The supermarket chains are not always blameworthy. Their missionary efforts have helped to ensure that wine drinking in Britain is much less bedevilled by social anxiety than it used to be. There was a time when Mateus rosé, God help us, exploited that in its TV ads. The boss invited home for dinner: how could the husband navigate the social minefield of serving wine? Answer, Mateus rosé. How sad. If I am ever asked about wine by someone who professes to know nothing, I always make three points. First, trust your taste buds and your nose. If the wine smells like a car engine, there is something wrong — and not with your olfactory system. Second, if you are so inclined, there is a lot of enjoyment to be had from wine lore. Third, and above all, wine drinking is fun: nunc est bibendum. Solemnity and concentration should always be mingled with sensuality and revelry.

The Greeks and the Romans understood this, which their temple ceremonies reflected. So do Messrs Berry Bros. in their temple at the foot of St James’s Street, where they have been dispensing pleasure for more than 300 years. They were in business before the Union of 1707. They are also in considerably better shape. While half of Scotland wishes to turn its back on the world economy, Berry Bros. embraces it. Simon Berry described a recent tasting at which a sophisticated, self-confident Chinaman was being twitted by Brits who knew that he would be able to cope. He was. Spreading his arms in mock self-deprecation, he said: ‘This, from people who put milk in their tea.’

Berrys’ premises have a reverential aspect. In ‘Little Gidding’, T.S. Eliot writes of a place where prayer has been valid; where his own prayers blend with those of the reverend dead. Simon Berry’s dining room inspires a similar reflection.
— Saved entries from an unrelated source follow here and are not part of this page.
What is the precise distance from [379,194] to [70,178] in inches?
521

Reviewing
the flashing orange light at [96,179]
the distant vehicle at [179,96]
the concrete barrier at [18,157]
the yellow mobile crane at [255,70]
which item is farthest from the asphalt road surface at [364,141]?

You are drinking where drink has been valid; the bottles of previous eras are displayed on the chimneypiece. It might be thought that such reminders of transience would induce melancholy, but this must be just about the least melancholy room in the world.
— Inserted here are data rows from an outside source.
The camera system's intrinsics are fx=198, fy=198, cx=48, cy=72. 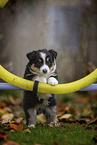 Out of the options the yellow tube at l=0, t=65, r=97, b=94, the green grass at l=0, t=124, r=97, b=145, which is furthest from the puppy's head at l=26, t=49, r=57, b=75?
the green grass at l=0, t=124, r=97, b=145

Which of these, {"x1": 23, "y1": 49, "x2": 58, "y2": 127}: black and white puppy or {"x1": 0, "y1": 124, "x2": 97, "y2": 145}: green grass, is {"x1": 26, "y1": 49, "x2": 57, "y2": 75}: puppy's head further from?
{"x1": 0, "y1": 124, "x2": 97, "y2": 145}: green grass

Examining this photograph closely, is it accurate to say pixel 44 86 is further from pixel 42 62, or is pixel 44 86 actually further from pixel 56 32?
pixel 56 32

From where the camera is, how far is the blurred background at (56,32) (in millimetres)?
3754

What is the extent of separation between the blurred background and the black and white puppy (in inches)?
60.4

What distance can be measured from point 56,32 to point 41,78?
3252mm

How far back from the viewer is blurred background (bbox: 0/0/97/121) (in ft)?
12.3

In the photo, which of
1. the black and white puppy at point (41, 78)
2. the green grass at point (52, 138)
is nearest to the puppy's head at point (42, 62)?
the black and white puppy at point (41, 78)

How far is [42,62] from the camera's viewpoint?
Answer: 168cm

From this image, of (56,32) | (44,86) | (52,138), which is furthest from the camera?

It was a spring day, and we started with the ideal wine: a Champagne, Mailly Grand Cru L’Intemporelle 2008. It was as if spring had been bottled. There was a joyous freshness: larks, trout preparing for the mayfly, cherry blossom, the first wild flowers in the Swiss Alps. There was also subtlety, finesse and length: all in all, hard to surpass. We moved on to a Saint-Aubin 1er cru Murgers des Dents de Chien, produced by Jean-Claude Bachelet. Butter, hay, depth, a hint of sweetness; it was the best Saint-Aubin I have ever tasted — not far off good Puligny or Chassagne.

We then climbed beyond spring — or any season — towards glimpses of eternity. The first Bordeaux was a ’96 Cheval Blanc, the most left-bank of all the serious right-bank clarets. Combining flavour, complexity and, above all, a gracious power, it filled the mouth and delighted the palate. Yet it was only making straight the way.

One would need Wagner to orchestrate the fanfare of trumpets which the next wine deserved. 1945, with France in the shadow of war, it was as if Ste Clotilde, St Louis and Ste Jeanne d’Arc had implored the Eternal Throne to show mercy. The ’45 Bordeaux vintage was the answer to their petition. Simon served us the Latour ’45, the greatest wine I have ever drunk. A couple of days later, I met a Scottish aristocrat who has some in his cellar. In current circumstances, my advice was to move it to England lest a Scot-Nut jacquerie seize it for an Irn-Bru cocktail. If Scotland were to regain its sanity, there would be no need to do anything. This is a wine in the splendour of fighting-fit maturity.

Despairing of their current politics, one’s French friends will assert their faith in la France profonde. That Latour was la France profonde: la France éternelle.